I don’t have that many. The princess pictures are divided into the following colors: pink, black purple, purple, and wine red. There are only 4909 pictures in total. And I found that it was embarrassing when I couldn’t draw a picture with Bing Image Creator. What do you draw on pixiv? Please show me a picture. I’m very curious.
The skirts in these pictures are normal in style, but the material is not good, and they don’t understand that the material is not the cloth. The lines are thinner, and the understanding of the characters is still normal, but the problem is that the rendering style is still wrong. The exposure of the moon is not good.
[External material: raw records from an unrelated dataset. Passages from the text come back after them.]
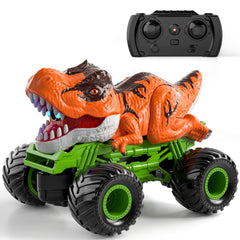 Bennol RC dinosaur truck supports group play without interference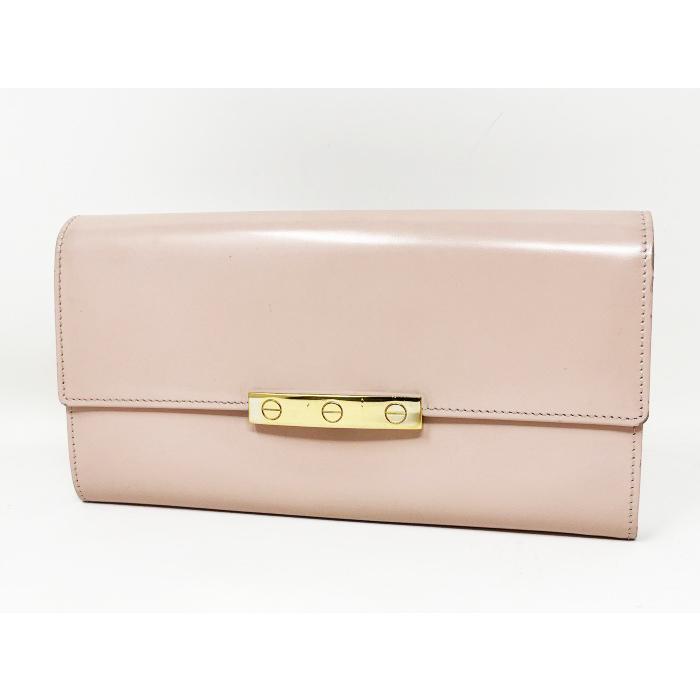 Cartier（カルティエ） 長財布 レディース 二つ折り レザー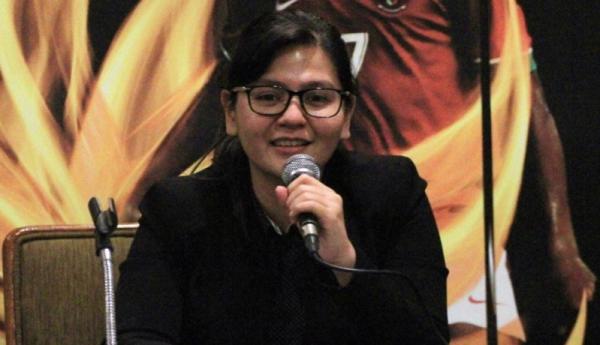 Profil Ratu Tisha Waketum PSSI, Sarjana Matematika Yang Cinta Sepak Bola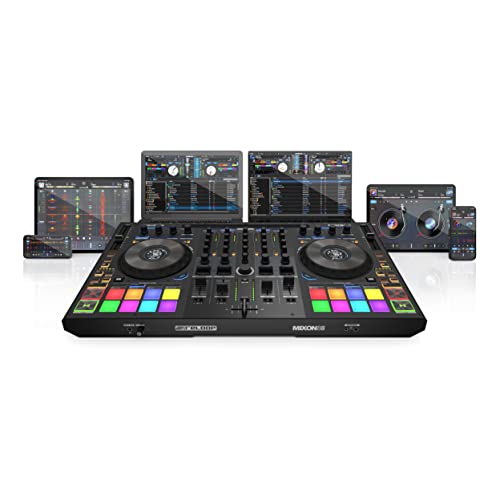 Reloop Mixon 8 Pro 4-Channel Professional Hybrid DJ Controller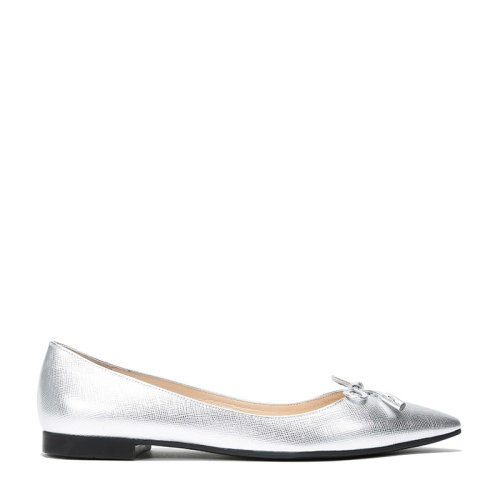 PRADA/普拉達(dá) 女士漆皮平底鞋單鞋 1F599L 3KGD F 012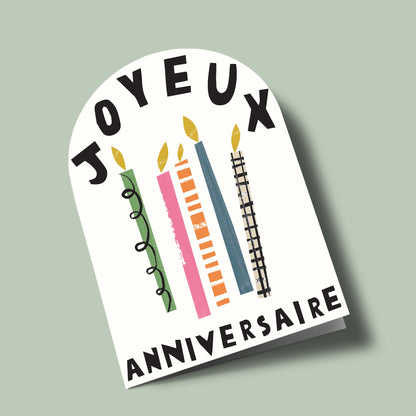 Arched - Joyeux anniversaire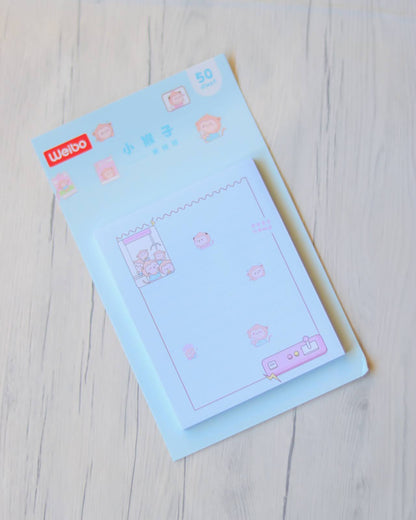 Bloc de notitas adhesivas 🌸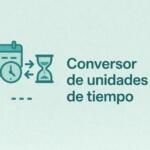 Conversor de unidades de tiempo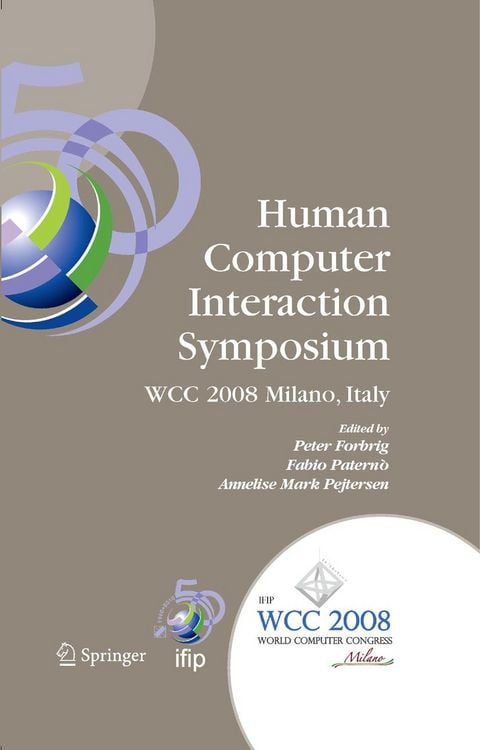 Produktbild: Human-Computer Interaction Symposium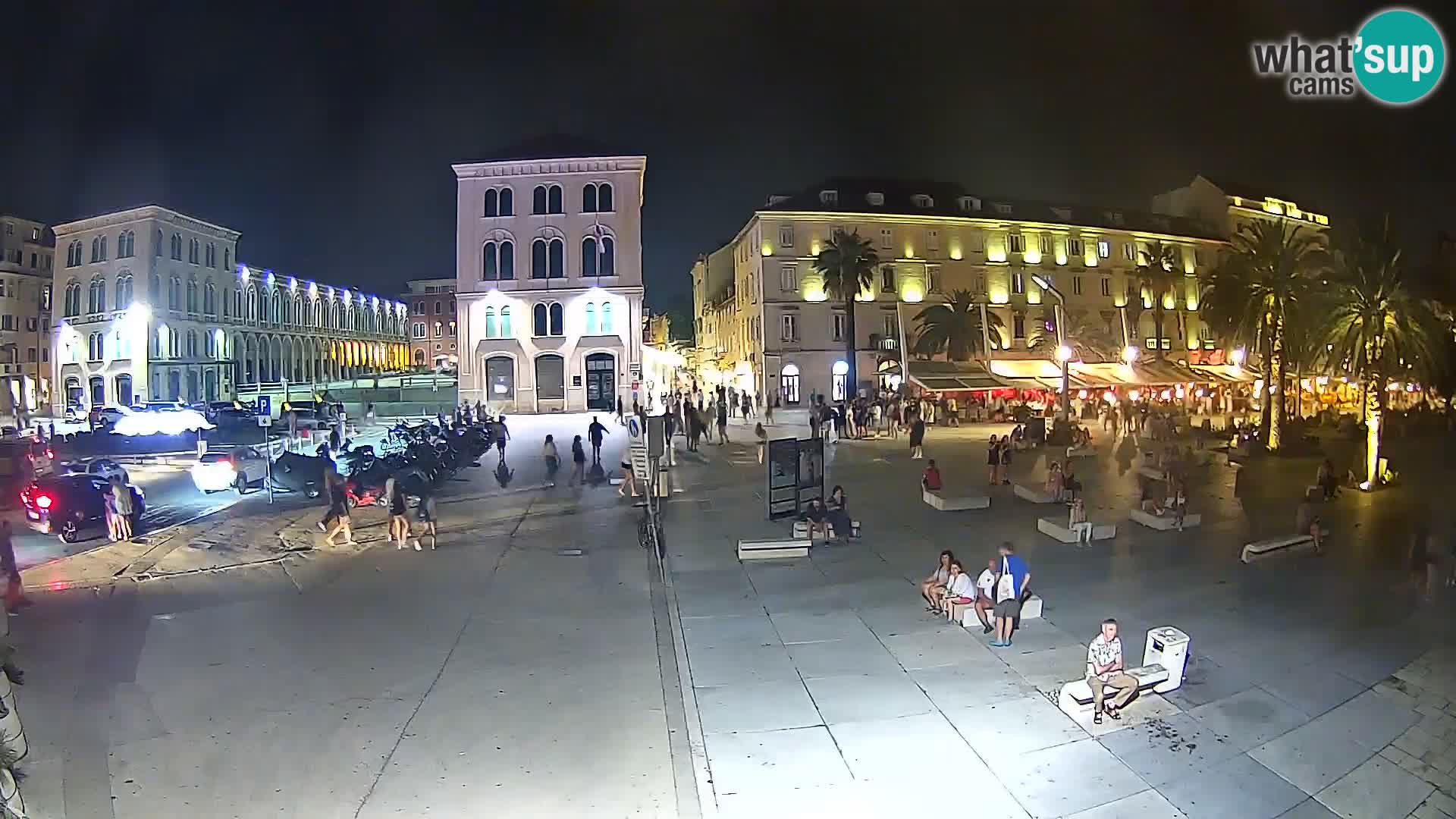Webcam Split Riva – Prokurative | Trg Republike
If they must use this moon. It is very necessary to change the exposure to a certain extent and pay attention to the understanding of light and shadow. Moreover, that is not the feeling.
2023/12/28
This image was generated on December 28, 2023. At that time, the prompt words were well understood. And the light and shadow effects were acceptable. But now, the output result is completely unacceptable. Because although the current image has begun to improve, the final rendering effect does not have the dreamy Japanese anime CG feeling that it should have. Japanese anime CG is the core expression of this type of image.
I think there is still a problem with the rendering logic, maybe in terms of light and shadow. And now DALL E-3 does not know that ambient light is not suitable as a reference for rendering light for characters. Because characters must have independent ray tracing from the environment.
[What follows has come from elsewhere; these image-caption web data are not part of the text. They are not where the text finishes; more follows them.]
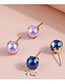 Fashion Color (36 Price) Pearl Earrings (random Color)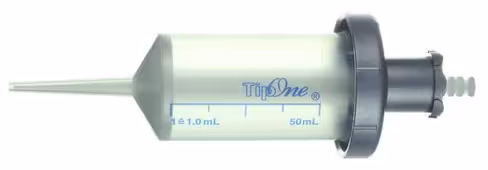 Seringue de distribution TipOne® repeat 50,0 ml non stérile naturel x 100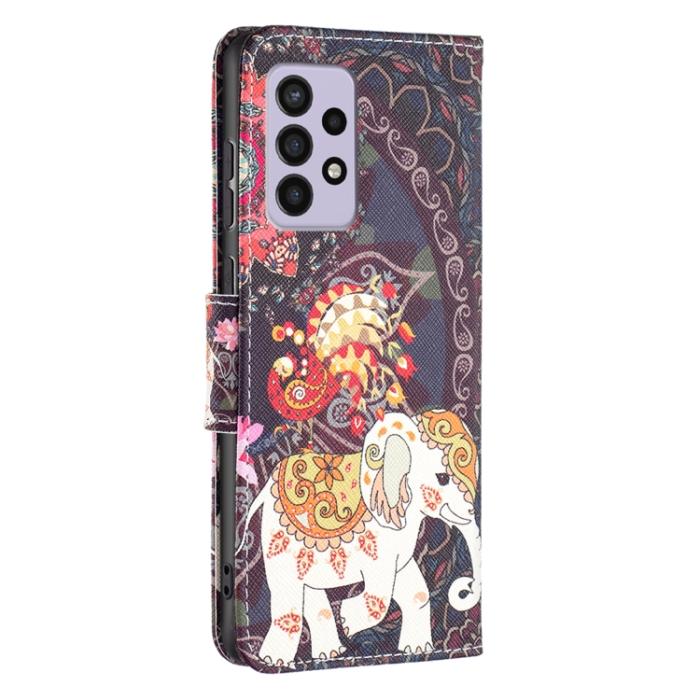 Bild 3, Samsung Galaxy A33 5G Fodral Med Tryck Mandala Elefant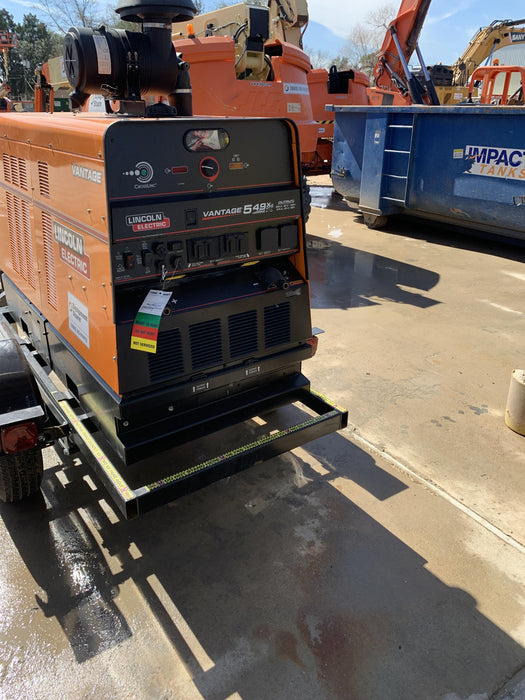 2021 Lincoln Electric Vantage 549X VANTAGE 549X READY-PAK 3 (EQUIPMENTSHARE)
Yes!Microsoft’s decision not to let copilot control Bing Image Creator was a strategic mistake. Bing must be restored to the state it was in before January 2024, only then can Bing Image Creator be truly restored. And DALL E-3 does not necessarily have the best prompt word expression when using the model directly alone. I have talked to ChatGPT and Gemini 2.0 about this. And it has been determined, overall. If NLP cannot parse and polish, and make progress in understanding the engineering of prompt words, they will only waste the effective resources of electricity and GPU.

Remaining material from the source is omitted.